→ **Work required**: Exact copies of all the lines below are needed, without the pictures.

→ **Data block**:
= Beginning of Section =
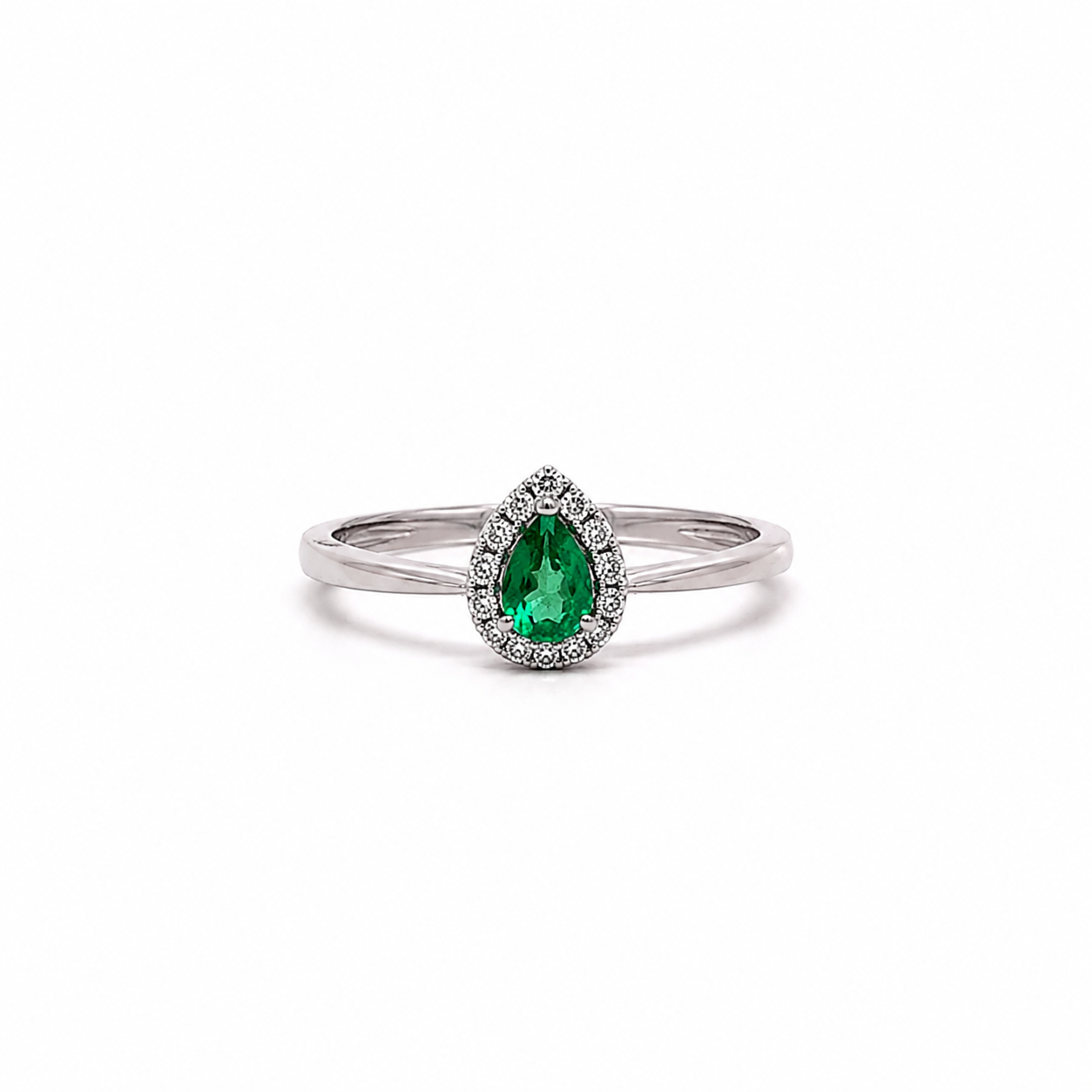ANELLO IN ORO BIANCO CON DIAMANTI E GOCCIA DI SMERALDO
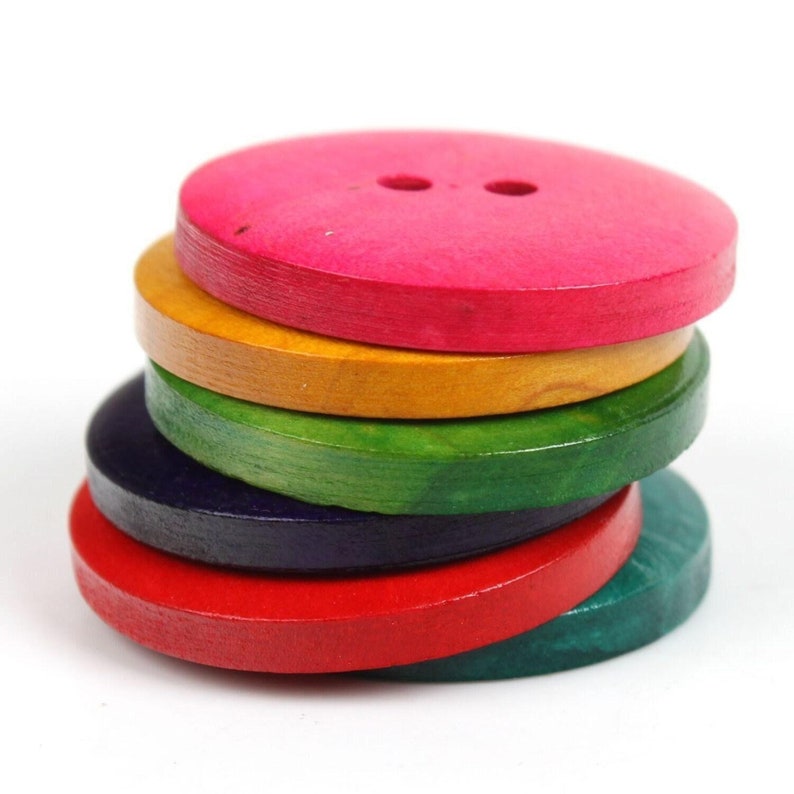 50 Large Mixed Color Wooden Buttons 30mm 1 1/8 Inch Mixed Colors 2 Hole Mixed Wood Button 23789 image 2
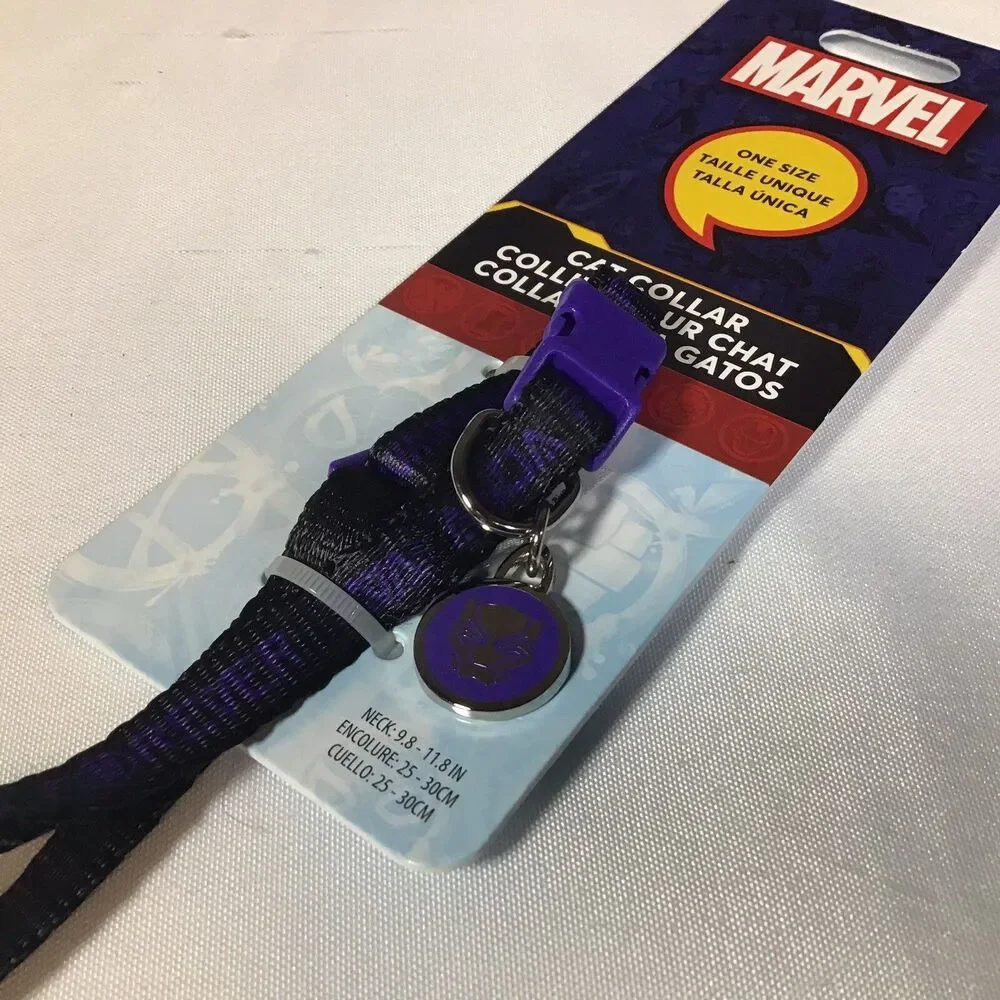 Disney Marvel Cat Collar Black Panther Wakanda Forever Black Purple New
= End of Section =
→ **Exercise solution**:
ANELLO IN ORO BIANCO CON DIAMANTI E GOCCIA DI SMERALDO
 50 Large Mixed Color Wooden Buttons 30mm 1 1/8 Inch Mixed Colors 2 Hole Mixed Wood Button 23789 image 2
 Disney Marvel Cat Collar Black Panther Wakanda Forever Black Purple New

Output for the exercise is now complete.